# Looking for mid 80's strain



## Grower13 (Jul 13, 2011)

Been researching strains....... trying to find the strain me and my buddies use to smoke in the mid 80's to early 90's......... very consistant........ best pot any of us had ever had before....... would still be very good by todays standards.......... anyway been 20 years since I've seen it........  I thought I might grow some to burn with them........... it would blow their minds to hit it again. I'm sure they would remember........ at least a couple of them would anyway(lol)........ We called it the "Grunge". So I was thinking maybe if I give a discription just may someone here would know what strain it is.
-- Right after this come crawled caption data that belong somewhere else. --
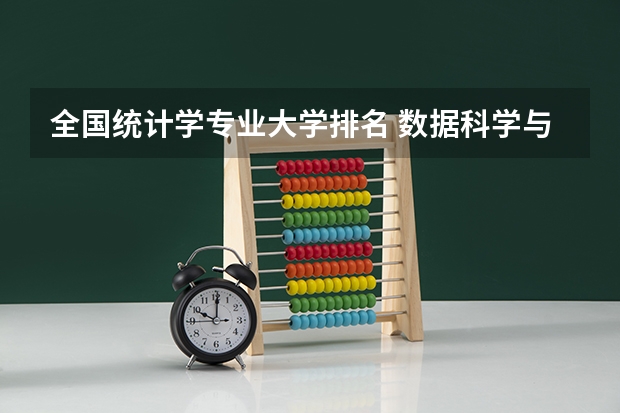 全国统计学专业大学排名 数据科学与大数据技术专业排名 统计学考研学校排名是怎样的？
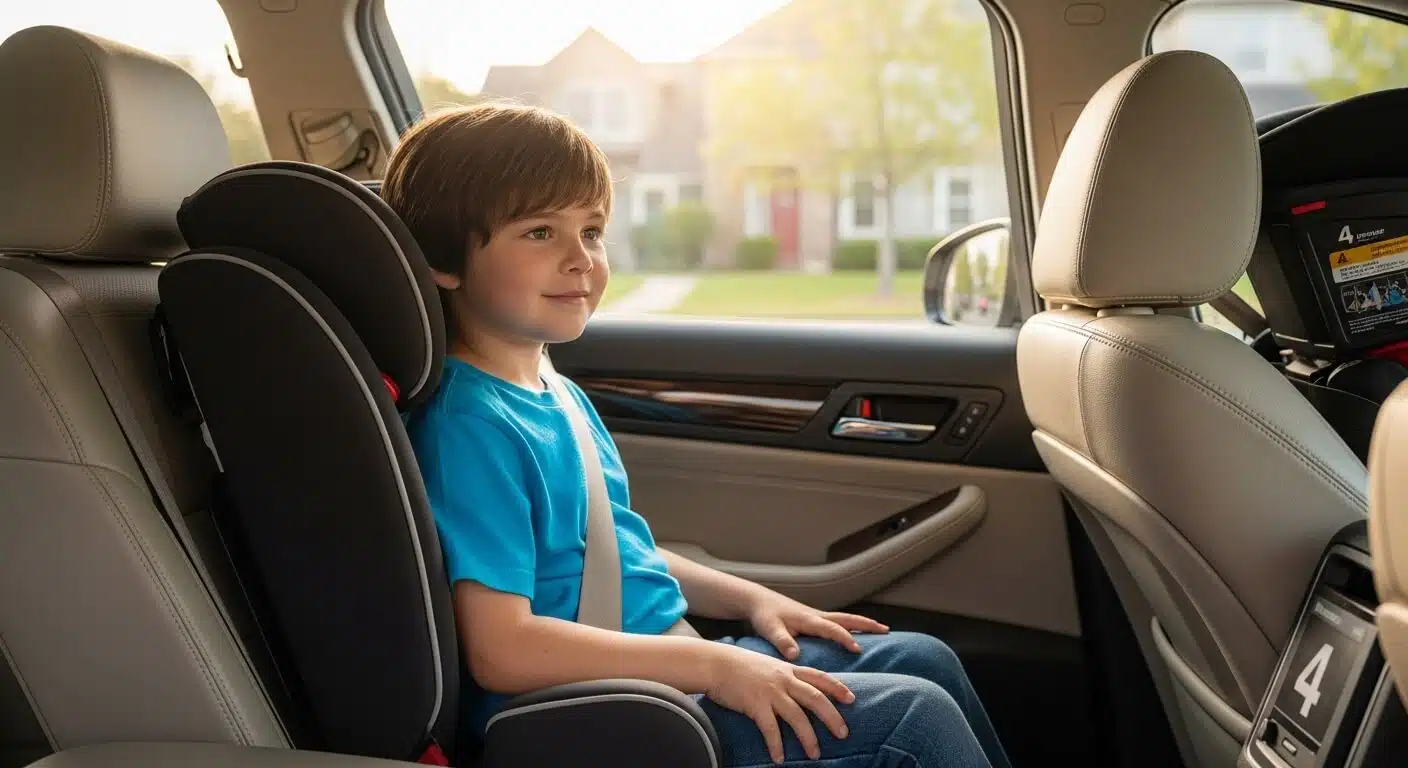 When can I transition my child to a booster seat?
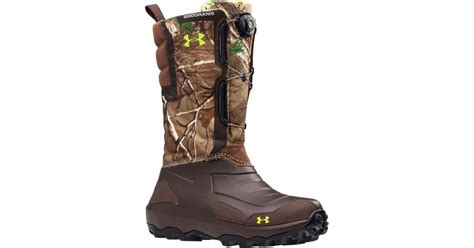 Under Armour Rubber Ridge Reaper Pac 1200g Hunting Boots In Brown For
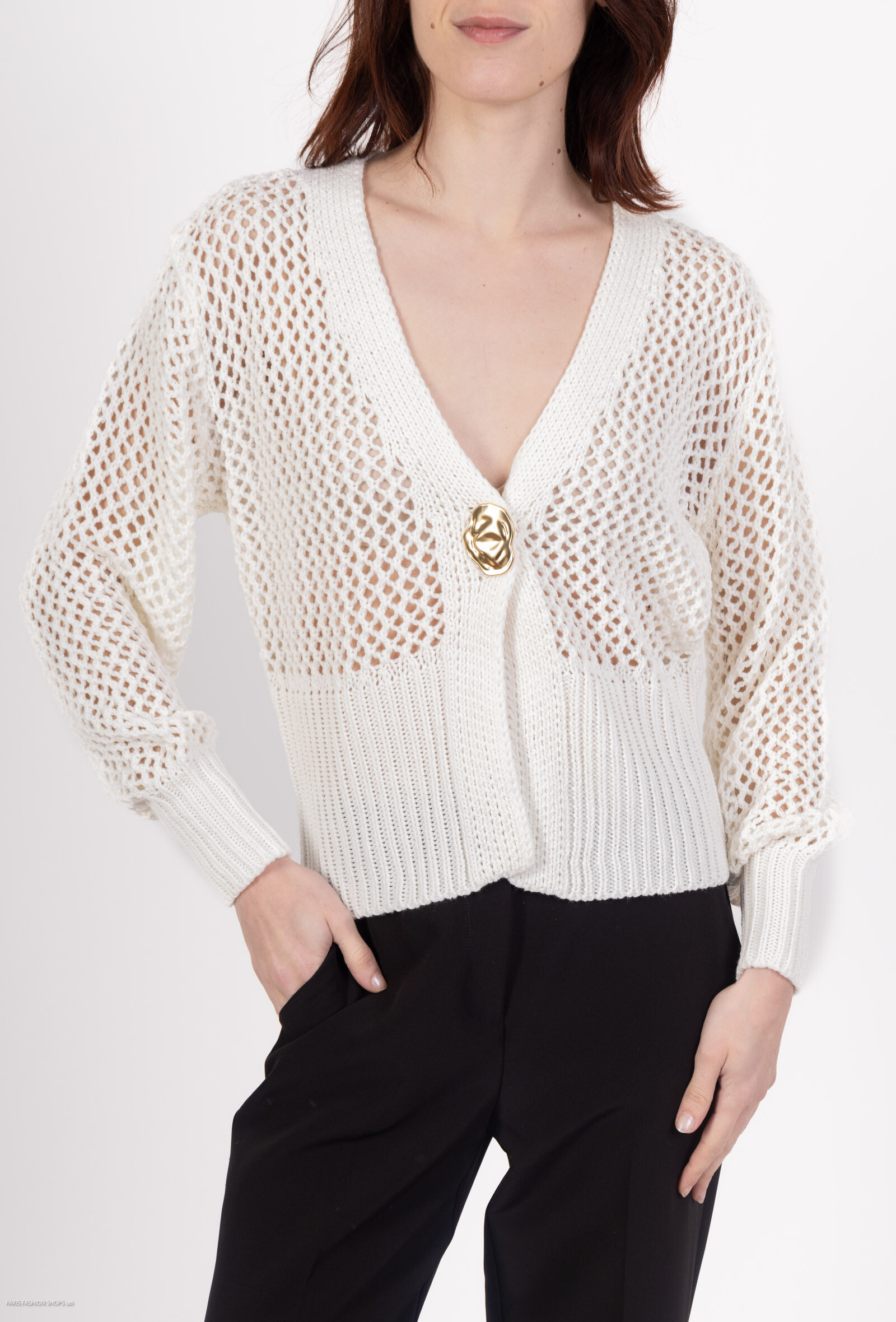 Grossiste Les Bonnes Copines - Gilet maille avec boutonnés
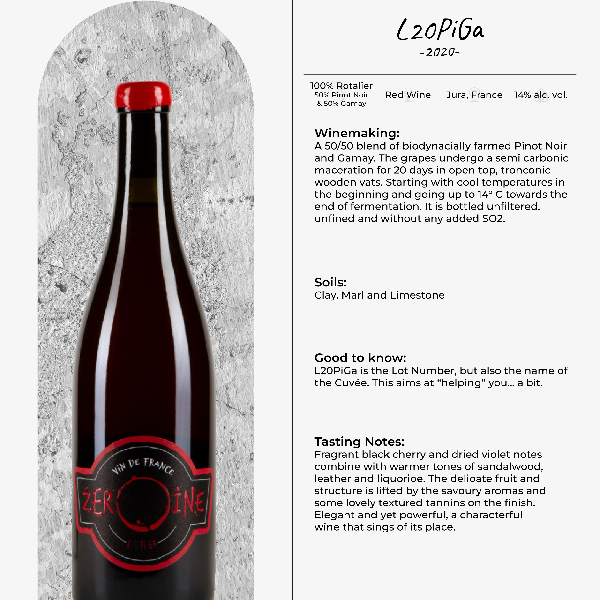 2020 Zeroine Pinot Noir-Gamay-L20PiGa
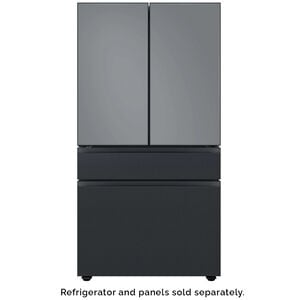 Samsung BESPOKE 4-Door French Door Middle Panel for Refrigerators - Matte Black Steel, , hires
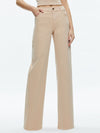 JEANS ERNIE A VITA BASSA CON FIBBIA POSTERIORE-ALICE + OLIVIA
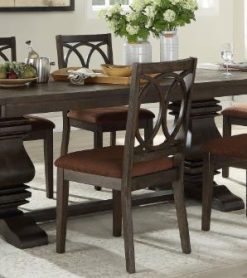 ACME Jameson Fabric Upholstered Dining Chair Set Of 2, With High Backrest, And Wooden Legs, For Restaurant, Cafe, Tavern, Office, Living Room - Brown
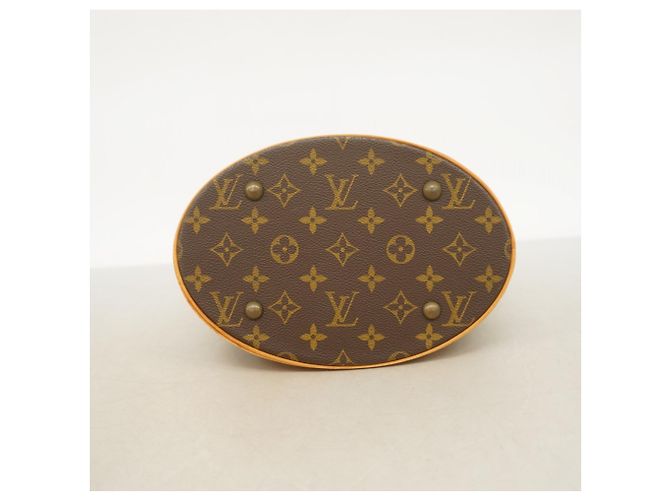 Borsa Tote Louis Vuitton Monogram Bucket PM Marrone - vista 3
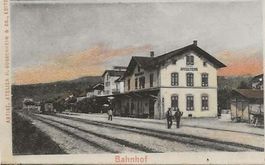 Affoltern a. Albis ZH 3 Bild AK Bahnhof 1904 sehr gut erhalt
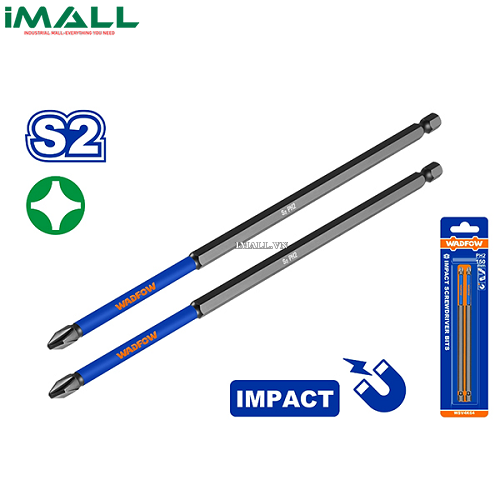 Bộ 2 Mũi bắt vít đóng PH2 250mm Wadfow WSV6K66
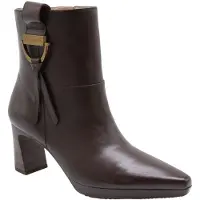 Hispanitas Dames Bruine leren Bangkok-laarzen (39), Leer, 3 tot 5 cm, Ritssluiting, Casual HI265228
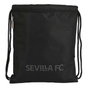 Safta Sac de sport Sevilla FC Teen 35 x 40 x 1 cm - Noir - Polyester 600D - Âge recommandé 3 à 99 ans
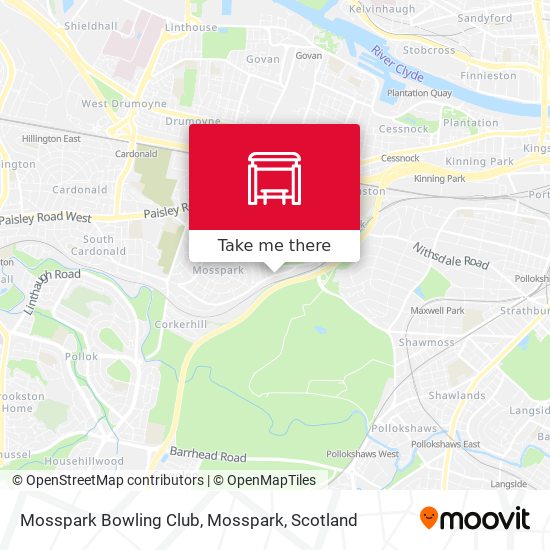 Mosspark Bowling Club, Mosspark map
Light green in color/ Light colored lime
Piney smell with a little skunk(not much skunk or baby poo smell though)
buds were nice nuggets size....... mostly roundish in shape
Had a sour lemon taste 
Smoke stank worse then herb does
very heavy smoke
make you grin ear to ear
none to very litte hair of any color
we would find a  few seeds in it here and there(Hermies I' sure)
I'm sure it was grown in doors........ 1st "high tech" herb any of us ever had........ these growers were a head of there time for sure......... we didn't know it then though.

Thanks in advance for your thoughts about the strain........ would love to maybe do a grow journal with it for yall.


----------



## nvthis (Jul 14, 2011)

Well, I suppose unless somebody remembers the actual name.. Good luck buddy.


----------



## Menimeth (Jul 16, 2011)

It sounds alot like what we called wahakin (don't know how to spell it) back in the late 70s and early 80s, but i doubt that is the strain name.


----------



## powerplanter (Jul 18, 2011)

Kinda sounds like Northern Lights.


----------



## ozzydiodude (Jul 18, 2011)

:huh: sound like dad's home grown


----------



## Mutt (Jul 18, 2011)

ozzydiodude said:
			
		

> :huh: sound like dad's home grown



my thoughts exactly. he just described about 30 different strains....except the baby poo smell....I have a kid...baby poo smell is like the colors of the rainbow...it was what ever momma ate in combination with whatever gerber put out that day (gerber green beans and momma eating mustard base BBQ hash is the worst).  it never ended well  If weed smelled like that...i'd have to quit toking for self preservation :holysheep:

hey bud...the same "base" landraces have created all the smoke you see on the net now. with add ons here and their. you will find better then the mid 80's. yes their were the golden grails of those times...but most are lost forever. their are new ones out


----------